→ WORK INSTRUCTIONS: When responding, copy every record below exactly as it appears.

[Brief descriptive captions]
--*--

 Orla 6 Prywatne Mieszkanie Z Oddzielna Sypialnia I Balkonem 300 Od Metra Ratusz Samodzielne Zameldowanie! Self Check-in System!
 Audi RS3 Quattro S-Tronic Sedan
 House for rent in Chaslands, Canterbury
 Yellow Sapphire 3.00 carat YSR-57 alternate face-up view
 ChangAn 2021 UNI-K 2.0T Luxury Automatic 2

--*--

→ RESPONSE AREA:
 Orla 6 Prywatne Mieszkanie Z Oddzielna Sypialnia I Balkonem 300 Od Metra Ratusz Samodzielne Zameldowanie! Self Check-in System!
 Audi RS3 Quattro S-Tronic Sedan
 House for rent in Chaslands, Canterbury
 Yellow Sapphire 3.00 carat YSR-57 alternate face-up view
 ChangAn 2021 UNI-K 2.0T Luxury Automatic 2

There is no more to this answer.